The strain-driven C–C bond cleavage of small ring compounds offers a unique entry for the synthesis of linear or larger-ring compounds.¹ Among strained carbocycles, cyclopropanols and related compounds have received considerable attention as readily accessible starting materials that can undergo ring opening with the aid of various reagents such as bases, acids, and metal complexes.² In this context, the chemistry of metal homoenolates (or β-metallocarbonyl compounds) generated from siloxycyclopropanes represents a significant milestone (Scheme 1a).³ Exposure of siloxycyclopropanes to Lewis acidic metal salts such as ZnCl₂ and TiCl₄ causes ring-opening to generate the corresponding homoenolates, which are amenable to trapping with typical organic electrophiles such as aldehydes, enones, and organic halides in the presence of appropriate catalysts or additives, affording β-functionalized carbonyl compounds. A major drawback of this chemistry is, however, that it often involves a preformed homoenolate and thus inevitable consumption of a stoichiometric metal salt.

Scheme 1 Ring-opening transformations of cyclopropanol derivatives via homoenolate.

Recently, significant progress has been made in the generation of homoenolates from unmasked cyclopropanols via metal cyclopropoxides and their use as catalytic intermediates for cross-coupling with electrophiles (Scheme 1b).⁴ This strategy allows for direct and often fully catalytic conversion of cyclopropanols into a variety of β-functionalized ketones.
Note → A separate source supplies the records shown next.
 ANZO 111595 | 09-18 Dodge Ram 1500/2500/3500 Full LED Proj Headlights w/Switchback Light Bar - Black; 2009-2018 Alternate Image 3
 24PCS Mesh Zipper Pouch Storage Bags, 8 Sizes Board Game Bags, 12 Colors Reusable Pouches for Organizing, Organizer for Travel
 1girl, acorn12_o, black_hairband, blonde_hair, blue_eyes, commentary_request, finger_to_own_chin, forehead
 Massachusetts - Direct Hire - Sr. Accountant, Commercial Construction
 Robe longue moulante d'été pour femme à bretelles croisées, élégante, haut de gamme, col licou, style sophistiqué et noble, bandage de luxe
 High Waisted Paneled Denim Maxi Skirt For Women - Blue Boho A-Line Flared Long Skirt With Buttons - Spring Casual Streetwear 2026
Notable examples in this respect include allylation via copper catalysis of zinc homoenolates,⁵ arylation via palladium homoenolates,^6,7 and amination via copper homoenolates,⁸ among others.⁹ Besides the homoenolate-based approach, recent years have also witnessed other mechanistically distinct types of ring-opening transformations of cyclopropanols, which employ coupling partners such as (fluoro)alkyl halides,¹⁰ alkynylbenziodoxoles,¹¹ diazo compounds,¹² and so on⁴ to access the corresponding β-functionalized ketones. Despite all the progress in the stoichiometric and catalytic cross-couplings via metal homoenolates, viable coupling partners have thus far been limited to polar organic electrophiles, and interception of a homoenolate with a nonpolar unsaturated hydrocarbon as a reaction partner has been elusive.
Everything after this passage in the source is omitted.